お家シネマで癒されましょう

第39夜「映画の中の祈る時間、守り抜く時間」

今宵のテーマは「時間」。
映画 によって、「時間」は運命を分ける岐路となり、どこにも行けない隘路となって現れます。

映画 「僕たちは希望という名の列車に乗った」 祈りの時間のはずだった。

監督・脚本:ラース・クラウメ
原作:ディートリッヒ・ガルスカ
日本公開:2019年

〈Story〉
1956年の東ドイツ。
スターリンシュタットの高校生テオとクルトは、西ベルリンへ抜け出し映画館でハンガリーの民衆蜂起を伝えるニュース映像を見る。それはソ連による軍事介入で多数の人々が犠牲になったことを報道していた。
2人は級友たちと犠牲者を哀悼するために授業中に2分間の黙祷を行う。
この行為はソ連の影響下にある東ドイツにおいては体制への反逆行為とみなされた。
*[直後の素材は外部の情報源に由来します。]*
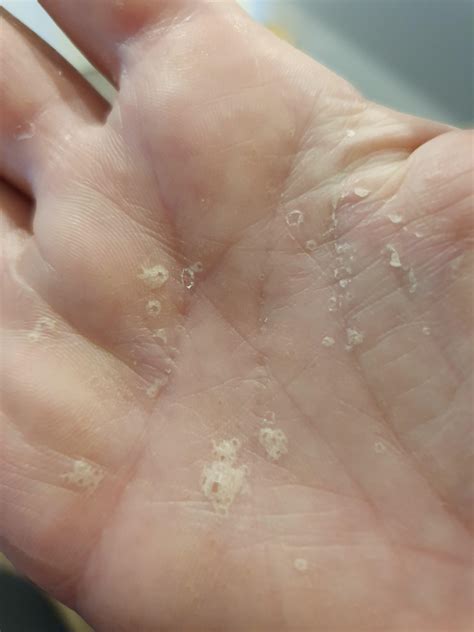 My Hands Recovering From Eczema And Weightlifting Rpeeling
当局の調査が入り、国民教育相から生徒たちに一週間以内に首謀者を明かすこと、それに従わない者は全員退学に処すという通達が下る。
信念を貫き進学が絶たれると労働者、あるいは仲間を密告すればブルジョワジーへの道。生徒たちは決断の時を迎える。。。

「僕たちは希望という名の列車に乗った(2019)」は、現代史の一コマですね。

第二次大戦後、冷戦下でのドイツです。

そうですね。知らない歴史は調べました。

アメリカとソ連が、ドイツを東西二つに分けた後で、ベルリンの壁はまだできていない時ですね。
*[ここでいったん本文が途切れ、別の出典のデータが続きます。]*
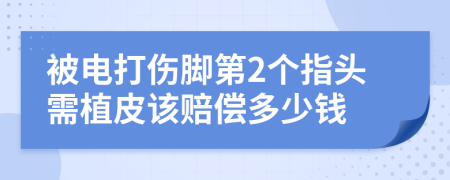 被电打伤脚第2个指头需植皮该赔偿多少钱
東ドイツの中にベルリンがあって、そのベルリンも東と西に分かれて、みんなが西ベルリンの方に逃げちゃうから間に壁ができるんですね。
僕はてっきり、東ドイツと西ドイツの境目にベルリンがあると思っていました。

僕もそう思っていましたね。

何故ベルリンだけが真二つに割れたんでした?

ドイツの首都だし、ソ連とアメリカの冷戦構造がそこに凝縮されたんですね。
そのベルリンに東から西に鉄道が通っています。

映画では電車に乗ったら検察官に身分証を見せるシーンがあって、そこをパスしたら自由に行き来ができる。
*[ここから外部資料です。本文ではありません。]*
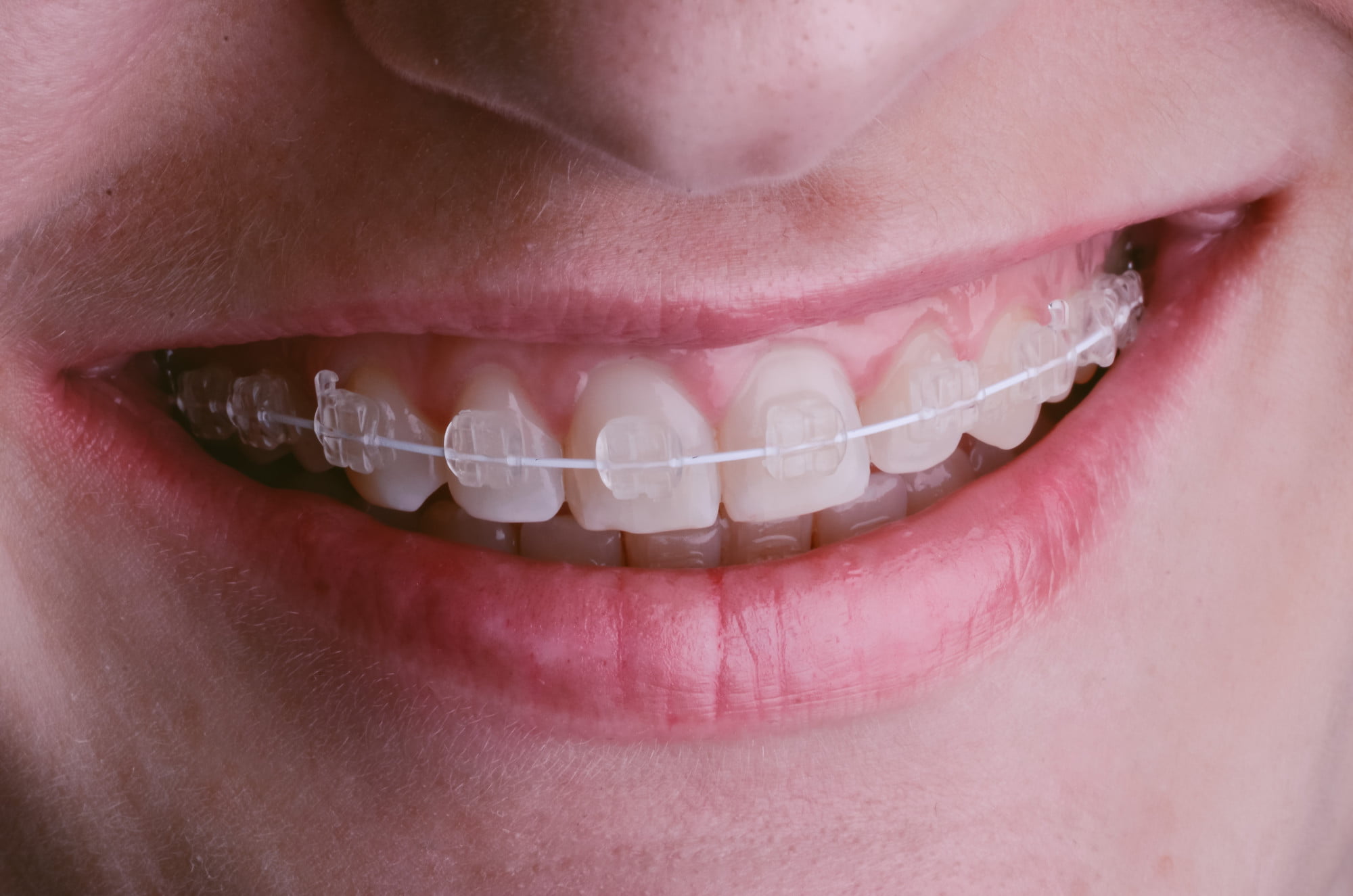 Did you know that not all dental braces are created equal these days? Here are the many different types of dental braces that exist today.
東側はソ連が抑えた社会主義。そこには西の資本主義に憧れる青年たちがいて、大人たちの中には現体制がいいと思う人もいます。
物語には、4人の男の子が出てきます。仲の良いクルト(トム・グラメンツ)とテオ(レオナルド・シャイヒャー)の二人が西ベルリンに電車で行きます。電車の中で検察官がいるのも社会主義と資本主義の境界だから当然だけど、「お墓参りです」と言えば許可されます。若いがゆえに扇情的なポスターに挑発されて映画館に入ると、本編前のニュース映像で、ハンガリー動乱のことを知ります。
市民たちが立ち上がって、ソ連を押し返している。でもそこで市民に死者がいっぱい出ている。

民主主義を訴えている人たちの姿に感化される。

あれってハンガリーでも同じように共産主義と自由主義の争いがあったっていうことですよね。

ヨーロッパはそういったせめぎ合いで大きくなったり小さくなったりして、その輪郭線がポーランドやハンガリーのあたりで動いています。

当時は社会主義国家を増やそうとして、西側へ拡大しようとする。

今も一緒ですね。

まさにウクライナとかね。変わらないな。

ソ連は諦めないね。その地域には民主主義になりたい人もいるし、変化が怖い人だっているからね。ソ連の体制のままが良いと思う人もいるので難しい。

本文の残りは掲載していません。